Three young girls died early today from burns and smoke inhalation after fired destroyed the North Monroe Street rowhouse in which they were sleeping.
A fourth girl was listed in critical condition at the University of Maryland Medical Center.
Two adults, believed to be the parents, were in serious condition after suffering burns, injuries and smoke inhalation.
Fire Department spokesman Capt. Hector Torres said the cause of the fire was not known, but it probably had smoldered a long time before erupting. He said the likely cause was careless smoking or candles.
The captain said early today investigators were having problems identifying and getting ages of the young victims because probers were not able to talk with close relatives.
Captain Torres said the family moved into the house in the 200 block of N. Monroe St. last week without permission while it was up for sale, and all utilities were turned off.
He said the fire began shortly after 3 a.m. in an area on the first floor between the first-floor living room and the dining room near the stairs leading to the second floor.
He said the flames raced up the stairs like smoke up a chimney, trapping the four children as they slept on a mattress.
"They never had a chance," Captain Torres said.
By the time firefighters reached the children, each had gone into full cardiac arrest and had inhaled large amounts of smoke.
Two children were taken to St. Agnes Hospital and two went to the University of Maryland Medical Center. Two at St. Agnes and one at University were pronounced dead about 4 a.m.

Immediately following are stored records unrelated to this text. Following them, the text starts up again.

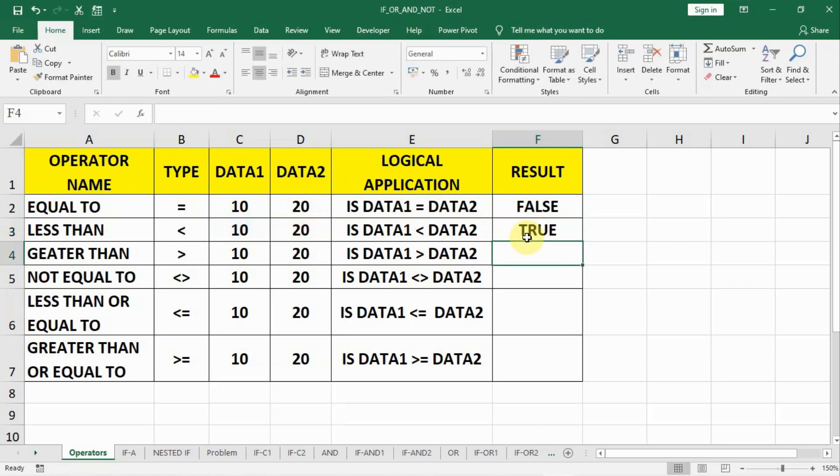So every time when we compare using a comparison operator or logical operator, the answer must be true or false. It cannot be somewhere in between. And this holds good for all the operators.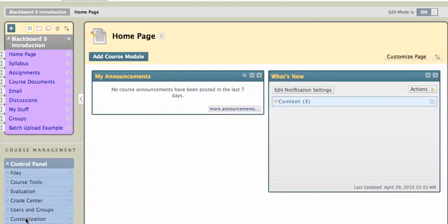Hi, this is Mike, and in this tutorial I'm going to show you how to create an announcement in Blackboard 9. So I've logged into a Blackboard site and my opening page is my homepage.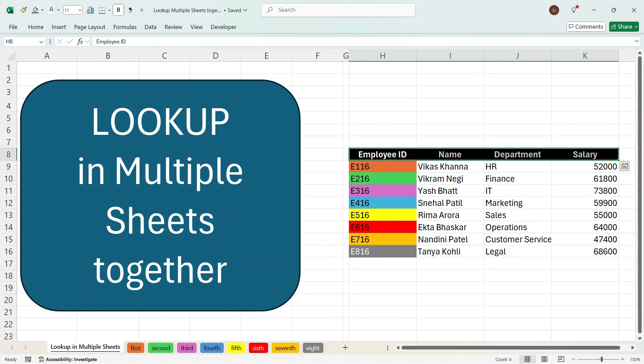Hi everyone, this is Sumit here and welcome to my channel Excel with Sumit. In this video, I'll explain a trick where you can look up values from multiple sheets together.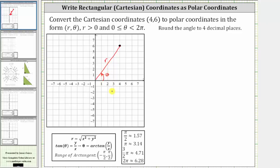Now to help us determine r and theta, let's sketch the reference triangle in the first quadrant where r is the hypotenuse of the right triangle. This would be one leg, and this would be the other leg. Because x is four, let's label this leg four, and because y is six, let's label this leg six.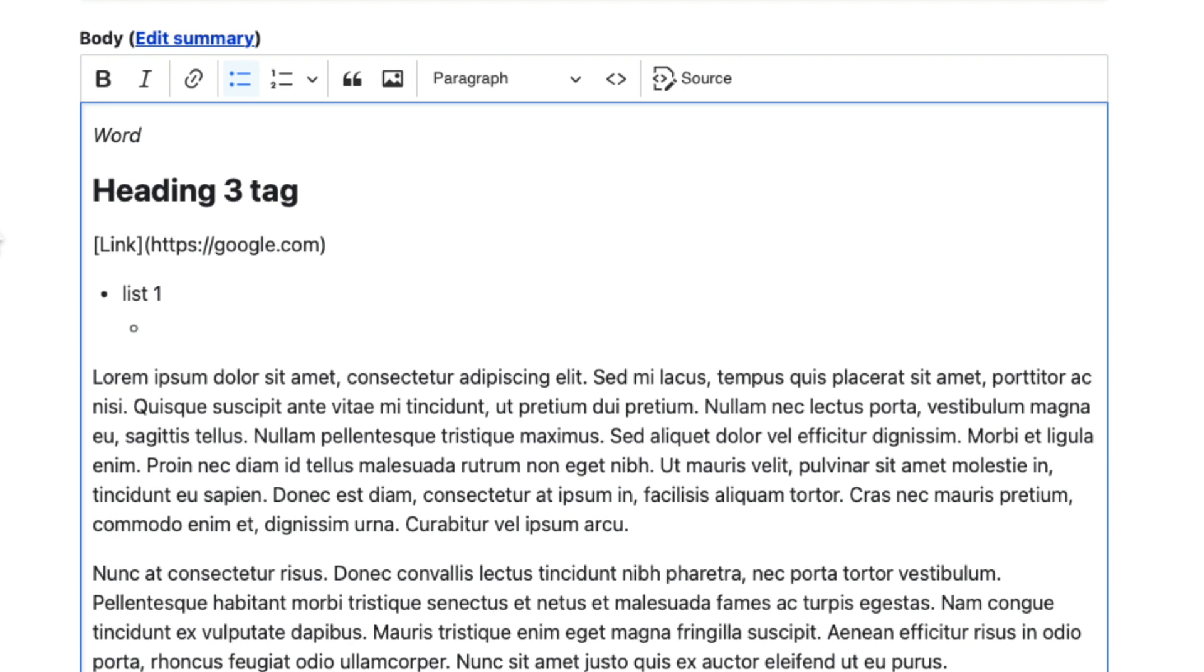The advantage of Markdown, of course, is that I don't have to move my hand to go to the mouse in order to add these elements to the text in my body field.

The fourth child remained in critical condition at University.
As the house filled with flames and heavy smoke, a woman jumped from the second-floor front window. She was taken to the Maryland Shock Trauma Center for treatment of severe smoke inhalation.
The man, who sustained multiple injuries and burns to the arms and hands, jumped from a second-floor rear window onto the porch of his neighbor and was taken to the regional burn unit at the Francis Scott Key Medical Center.
The neighbor, Theodore Daniels, said he was asleep when the man began banging on his back door.
"When I let him in," Mr. Daniels said, "I saw skin peeling off his hands and he was in terrible shape."
Officer Roderick Henry of the Western District arrived on the scene while the house was in flames.
"The woman was lying on the ground yelling and it was impossible for me to try to get into the house," Officer Henry said.